Monday, December 17, 2012
A Concise Chinese-English Dictionary For Lovers by Xiaolu Guo
Zhung is a young Chinese girl who is sent to London for a year to learn English by her parents, factory owners, so that she can fit more easily into the new Chinese economy. She arrives with very little English, tossed into the ocean of new faces, words, meals, customs and cultures. Her most useful possession is her Chinese-English dictionary, which she uses incessantly as she tries to learn enough to maneuver through this foreign environment.
Her days are taken by attendance at the English language school; her nights are lonely since she knows no one and has no idea where she might go. Finally, she discovers the cinema and starts going there at night. She meets a man there and moves in with him within a week or two of their meeting date. She lives with him for the next year, experiencing England through his eyes and how he perceives the world to work.

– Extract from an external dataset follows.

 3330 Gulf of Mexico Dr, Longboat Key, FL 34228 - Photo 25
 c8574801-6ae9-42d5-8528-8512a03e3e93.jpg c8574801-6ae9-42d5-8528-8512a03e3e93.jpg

Zhuang, or 'Z' as she comes to be known for convenience, finds the gap between how she has experienced the world and how her lover does to be extremely wide and difficult to bridge. To her, moving in with her lover means they are exclusive and that he will satisfy every need she has. To him, while he professes to love her, his need is for some space and time for him to pursue his relationships with his friends and even former lovers. Z has a difficult time understanding this. Their time together is marked by her attempts to get her lover to commit to only her, and to his withdrawal and anger at her attempts to restrict his life. Throughout the time, she learns more and more about the English language, but the English outlook on life continues to elude her.
Xiao has created an interesting novel. Each segment is started with a word from the dictionary, the definition of that word in a formal sense, and then how Z experiences what that concept means in this foreign environment. The reader is allowed to watch her grow and learn and to see how her culture differs from the one she finds herself in. This book is recommended for readers of modern fiction and for those interested in how people relate to each other.